Prove that order is antisymmetric.(for natural numbers)i.e. If $ a \leq b$ and $b\leq a$ then $a=b$.
I do not want a proof based on set theory.
I am following the book Analysis 1 by Tao. It should be based on peano axioms.
I tried $ b=a+n$ where $n$ is a natural number then $ a+n \leq a$ but subtraction not yet defined (in the text that I am following). How should I proceed ?

Answer 1

Use the following strategy:

First, prove the general facts:

• Prove $a + (b + c) = (a + b) + c$ by induction on $a$
• Prove that $a + b = a$ implies $b = 0$ by induction on $a$ and the injectivity of successor.
• Prove that $a + b = 0$ implies $b = 0$ by induction on $a$ and the fact that 0 is not a successor.
• Prove that $a + 0 = a$ by induction on $a$.
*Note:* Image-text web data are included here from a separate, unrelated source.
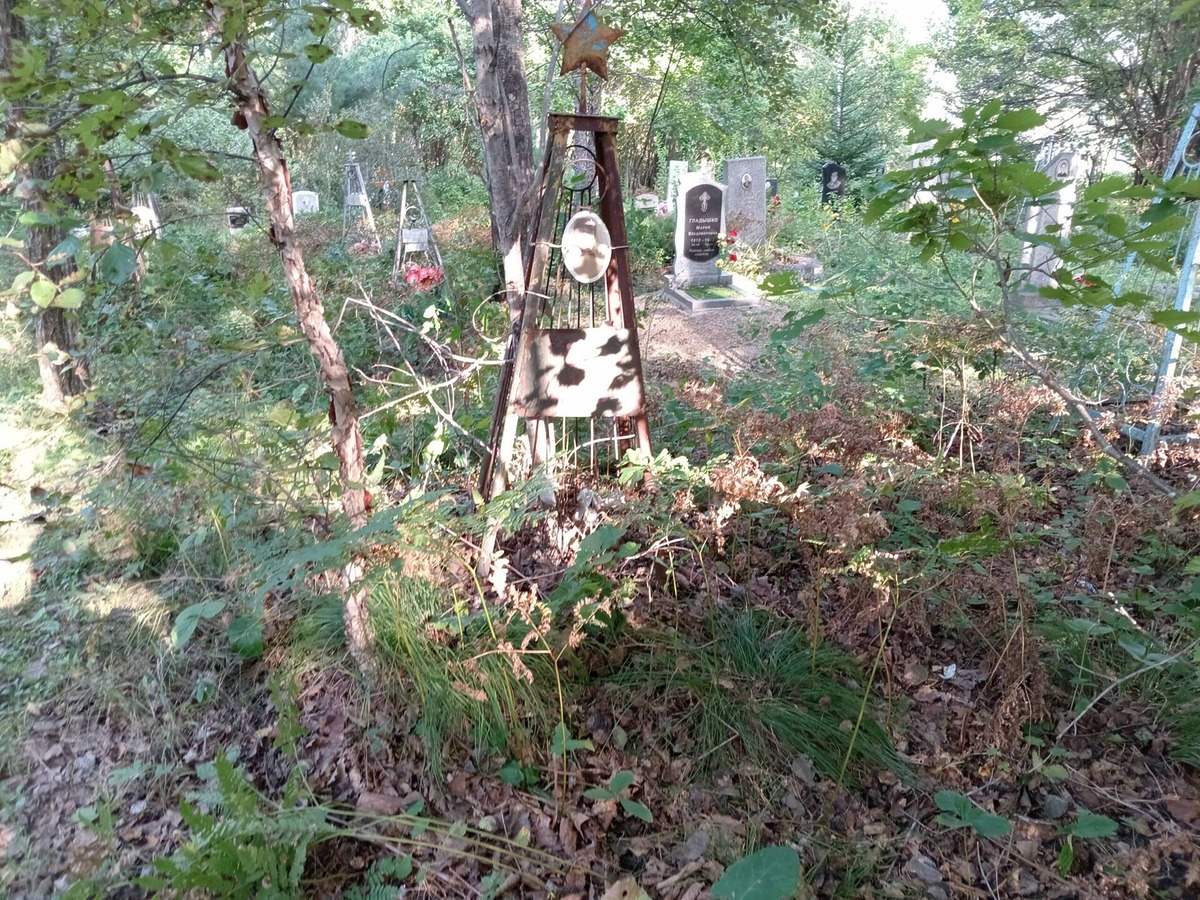Васильев
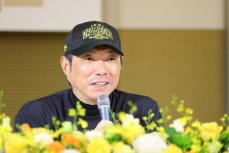 ソフトバンク・小久保監督　試合後即ミーティング「楽しもうと思ったけど、倉野コーチが」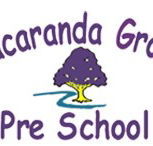 Jacaranda Grove Preschool - Melbourne Child Care
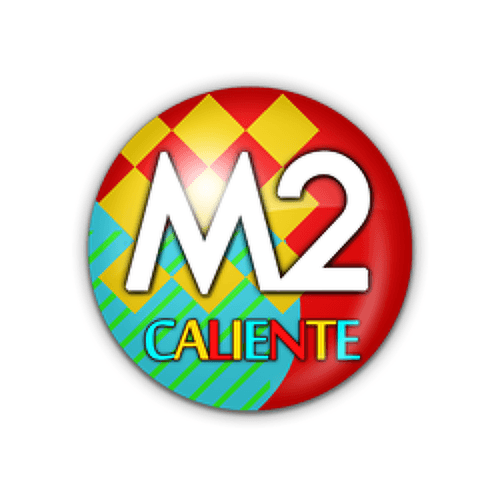 M2 Caliente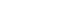 shapeimage_4_link_0
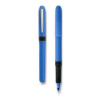 BIC Grip Roller Pen Blue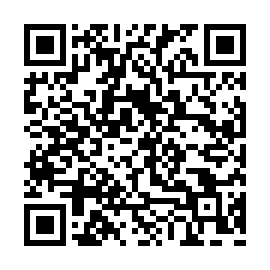 Ads by Recipio QR code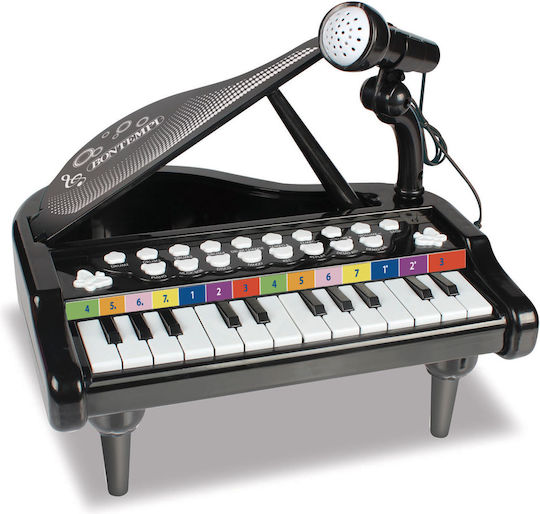 Bontempi Πιάνο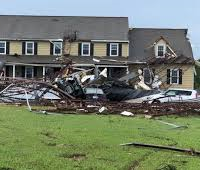 richmond-tornado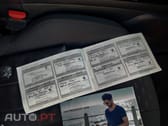 Peugeot 508 SW 1.5 BlueHDi Business Line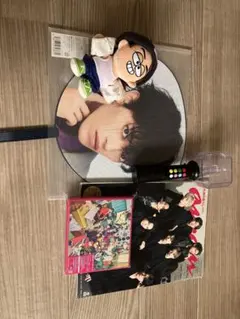 Item thumbnail for item 483f508f-a681-4ce0-acc0-edfd80a55703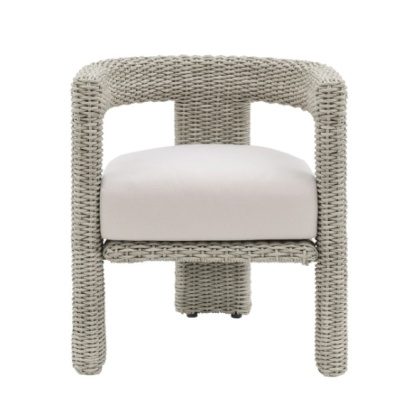 Gallery Hvar Dining Chair (Pair)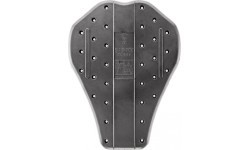 Spine Protector SAS-TEC SC-1/14 M/L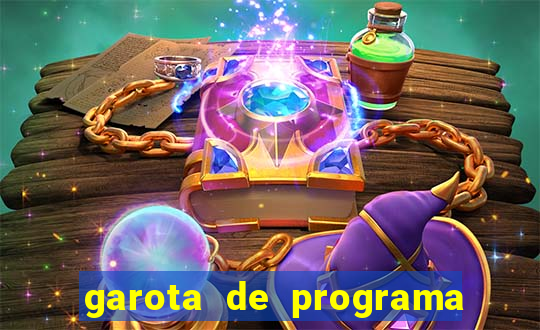 garota de programa em cruzeiro sp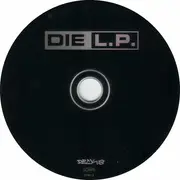 CD - Die L.P. - Opus Magnum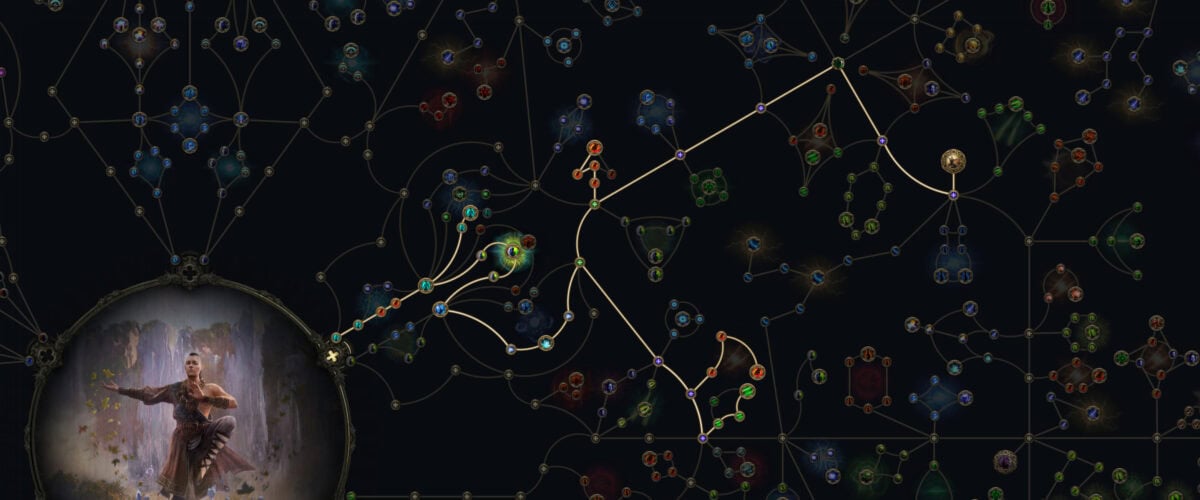 path-of-exile-2-hollow-palm-technique-leveling-build-guide-vulkk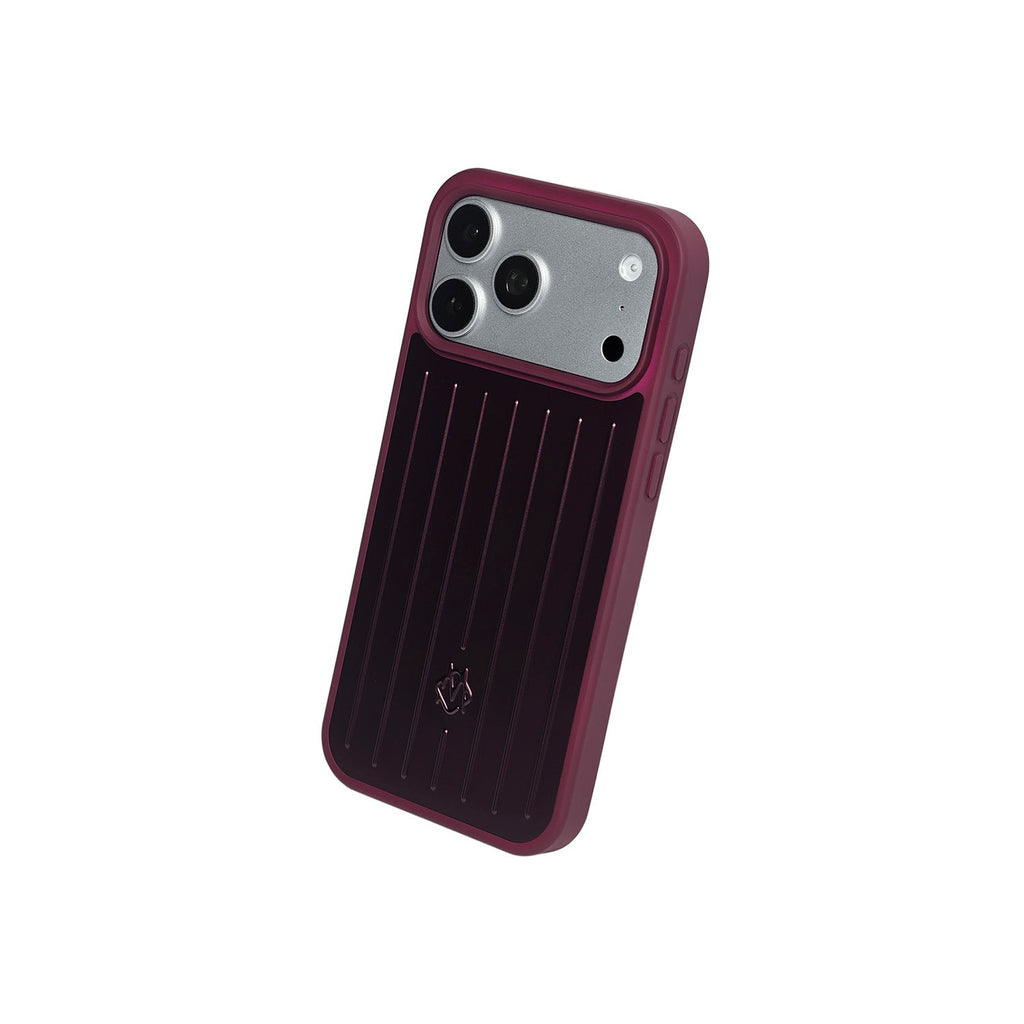 RMW Fuchsia/Powder Blue/Burgundy - foto 9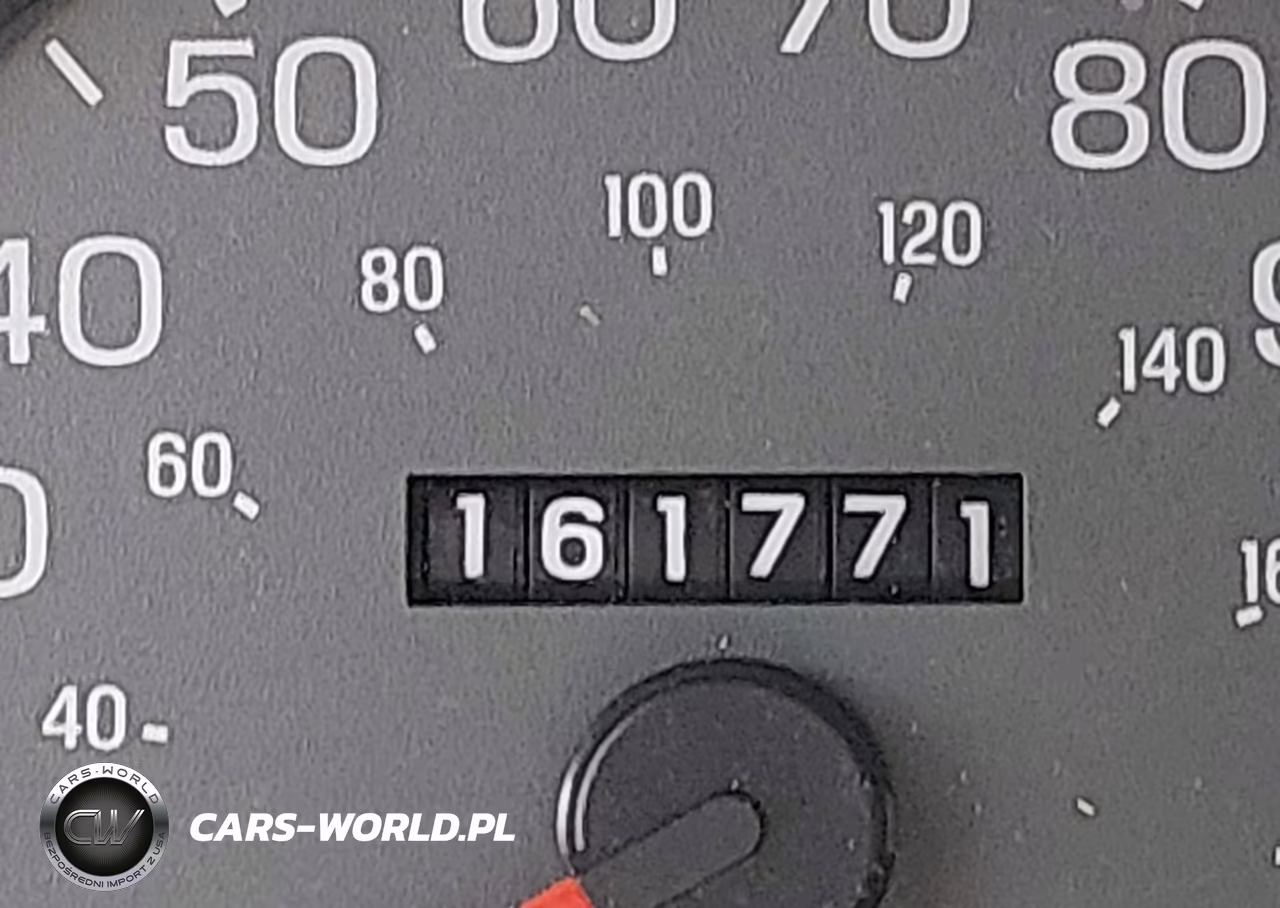 2004 Ford Crown Victoria Lx VIN:2FAFP74W24X152579 - 15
Then, for our $a$ and $b$:

• Observe that $a \leq b$ and $b \leq a$ implies we have $c$ and $d$ such that $a + c = b$ and $b + d = a$.
• Conclude that $a = (a + c) + d$, and therefore $a = a + (c + d)$.
• Conclude that $c + d = 0$.
• Conclude that $d = 0$.
• Conclude that $b + 0 = a$.
• Conclude that $b = a$.

It's a mess, for sure, but I don't think you can do much better if you're really using Peano axioms from scratch.

Answer 2

Hint:

Prove $$a++\le a$$ gives a contradiction, they use induction to prove $a+n\le a$ gives a contradiction.

Answer 3

If you're allowed to rely on trichotomy you might as well suppose by way of contradiction that $a\ne b$. Since $a\leq b$ and $b\leq a$ it follows that $a<b$ and $b<a$, a contradiction to the forementioned trichotomy property.

Remarks.

• For this proof to be valid you'd sooner have $a\leq b$ defined as $a<b\oplus a=b$ where by $\oplus$ we mean an exclusive or
• To understand why we can conclude $a<b$ and $b<a$ from $a\leq b$ and $b\leq a$ take into account that $(p\oplus q)\wedge \sim q\implies p$ where $p$ and $q$ are propositions and $\oplus$ is an exclusive or.